The students at Bordesley Green Campus range from 16 year old plus, studying courses from BTEC through to City & Guilds Level 2 and Level 3 including apprentices, who all gain experience ranging from benchwork, through basic machining to CNC and CAD skills. The focus at Bournville is on all of the above, plus day release school-age children between 14 and 16 years old. All students are purely that, students, many have no permanent employment and some are semi-employed when they start training at the college. The College’s emphasis is on ensuring that when the students have completed their training, they have good opportunities for work when they leave; in that respect South and City college has received a good OFSTED rating (grade 2) in 2018. In order to deliver these standards of training, both campuses have a requirement for a mixture of manual trainer-lathes through to mills with DRO and CNC within the workshops.
“When we first relocated from Tyseley to Bordesley Green we had a limited number of machines, but to expand the College bought various new machine tools including a turret mill and surface grinder from XYZ Machine Tools. With the increased popularity of our engineering courses we needed to invest further in machine capacity in order to give all the students a fair opportunity to acquire the skills necessary for industry,” says Ian Partington, Advanced Technician: Engineering, South and City College Birmingham. This requirement for new machinery was put out to tender and XYZ Machine Tools was successful in winning the business. As a result, the Bordesley Green campus now has 12 XYZ machines, a combination of manual trainer lathes, turret mills with DRO’s, a surface grinder, along with ProtoTRAK equipped SMX 2500 bed mills and an SLX 1630 ProTURN lathe. A similar range of machines was also installed at the Bournville campus.
“The mix of manual, DRO and ProtoTRAK controlled machines is ideal for our needs.

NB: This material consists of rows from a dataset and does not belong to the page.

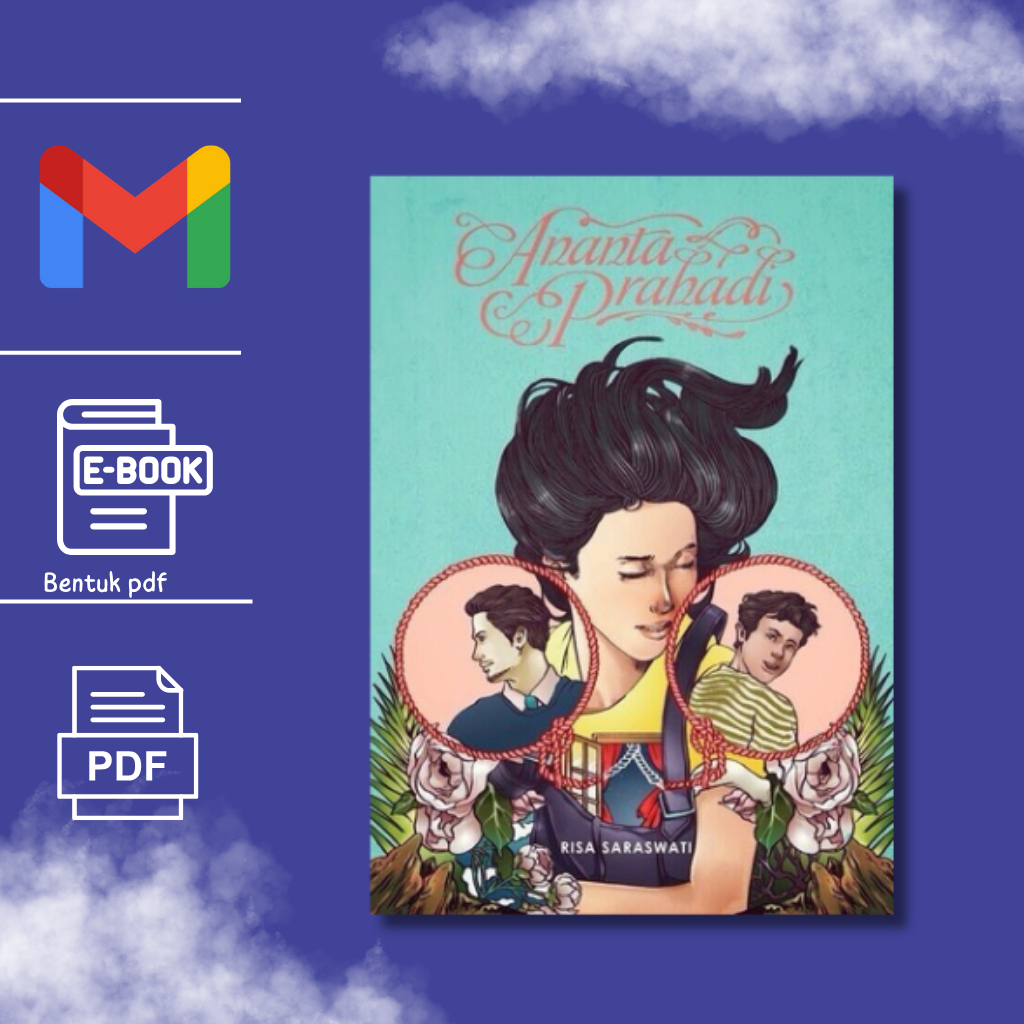 

Ananta Prahadi Novel oleh Risa Saraswati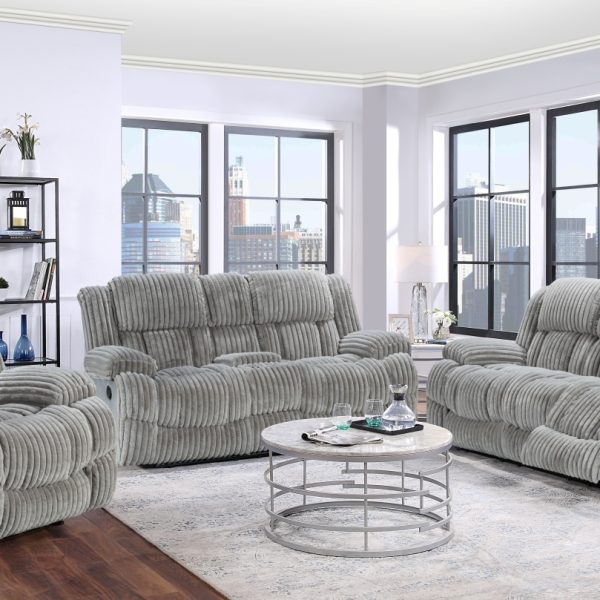 Burlington Recliner Sofa Collection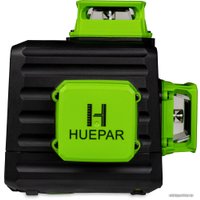 Лазерный нивелир Huepar B03CG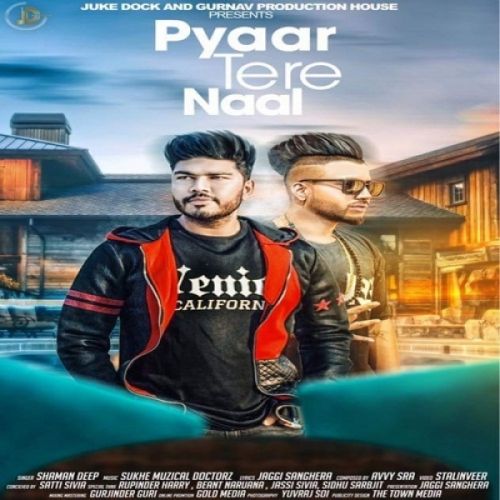 Pyaar Tere Naal Shamandeep mp3 song ringtone, Pyaar Tere Naal Shamandeep Ringtone Download - RiskyJatt.Com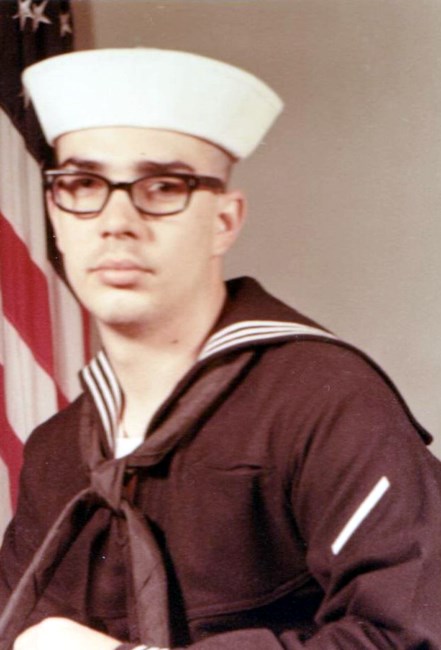 Obituary of Ross Calvin Martin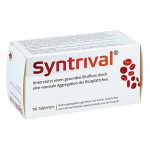 Syntrival  compresse  90 pz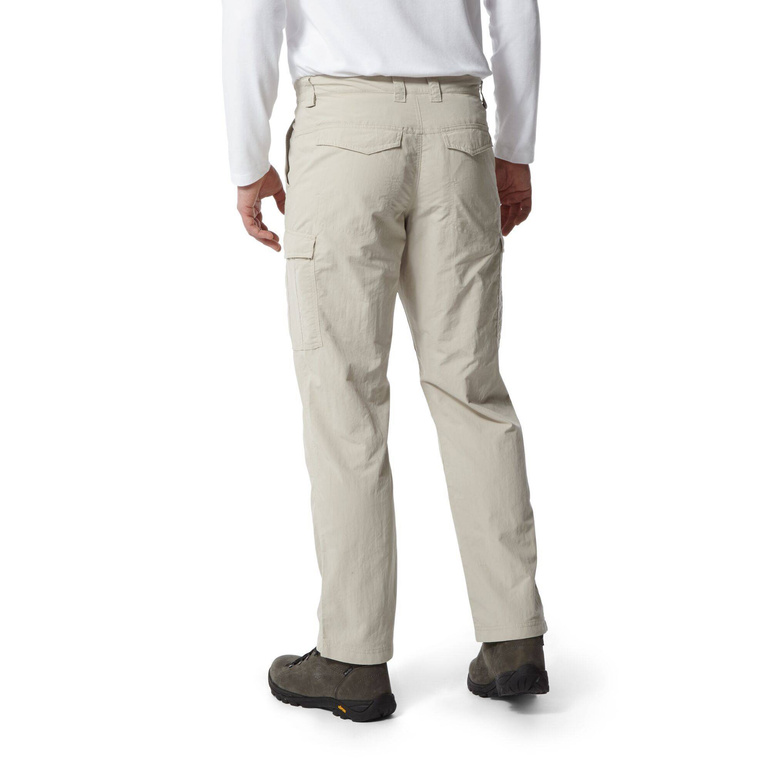Spodnie NOSILIFE CARGO II TROUSERS LONG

The ProtoTRAK system was a big influence in our final decision to go with XYZ Machine Tools as it provides the perfect middle ground between manual and CNC and is ‘not too big a step up’ for students as they progress.” The ease of use of the ProtoTRAK control system is combined with its ability to handle complex parts for either one-off or small to medium production volumes. The conversational programming language also has advantages for those new to CNC programming, with the control providing guidance at every step of the process, even calculating dimensions that may be missing from drawings thanks to its unique Guess key.